Since each server admin will want to maintain the integrity of their data, each node row will be versioned. This will allow the history of a node to be examined at any point, including which node was responsible for a particular edit. If a node makes a series of edits judged by the community as bad (or malicious), admins will stop trusting them, and they will lose their ability to change in the data. If an otherwise good node persists in trusting a bad node, then the good node will also lose trust – in particular because who trusts who will be publicly visible.
Changes are made at the column level, not at the record level. This means that if two non-connected nodes edit the same record at the same time, but alter different columns, then both changes will correctly propagate regardless of the order in which they were received. If they however were to edit the same columns at the same time, then the later timestamped item will win; this of course requires each server to keep the correct time, validated by an internet time source.

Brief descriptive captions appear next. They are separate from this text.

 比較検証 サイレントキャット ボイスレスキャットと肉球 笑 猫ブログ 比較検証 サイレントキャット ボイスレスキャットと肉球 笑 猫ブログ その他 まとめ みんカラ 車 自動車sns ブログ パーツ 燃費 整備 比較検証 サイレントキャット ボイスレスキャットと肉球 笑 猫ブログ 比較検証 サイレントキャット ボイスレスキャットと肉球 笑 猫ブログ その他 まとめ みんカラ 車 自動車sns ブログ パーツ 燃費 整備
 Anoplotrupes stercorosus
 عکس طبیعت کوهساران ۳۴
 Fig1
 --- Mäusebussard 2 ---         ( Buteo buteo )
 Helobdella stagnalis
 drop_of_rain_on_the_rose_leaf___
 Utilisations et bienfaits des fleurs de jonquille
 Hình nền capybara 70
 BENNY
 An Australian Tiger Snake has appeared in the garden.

Whilst a node is connected to a schema, the schema may not be modified. However it is likely that nodes collaborating on a mesh will want to upgrade the schema they all use at some point. To this end, the community agrees on a new schema, which is then posted on a public website. Several server admins upload it, and the others then may either upload it in the same fashion, or use their admin screen to grab it from a peer automatically. From here, each admin creates a new database, connects it to the new schema, and then uses a migration system to copy the data from the old database to the new one. Their node is stopped, connected to the new database, and then restarted. Rules can be set so that peers with radically differing schema versions may not communicate at all, but peers with minor differences will do its best (e.g. ignore an extra/missing column).
Nodes initially will just replicate all data. However later on, to cater for admins who wish to just mirror a subset, we will permit nodes to carry out selective replication. This will permit the “IT Jobs” data subset given as an example in the last post.
There should be a limit to the number of nodes that may peer with a given node, so as to discourage “star-shaped” meshes that have a single, central point of failure (this would arise by virtue of everyone wanting to directly trust the most active editor nodes). What this figure should be will be arrived at by experimentation, but I should think it would be around 8. Our aim here is to create a balanced mesh that can survive partial failure.
Talking of experimentation, it shall be perfectly possible to have an interesting, randomly-connected mesh within a single nodeset i.e. all on one server. Such a configuration would not be very useful in real life, but will be excellent for testing theoretical network propagation approaches. This might use a factory pattern so that the message transport can swap HTTP for something else transparently.
That wraps up my technical intro, though I am sure to add small edits in when they occur to me! Feedback here, as always, is very welcome.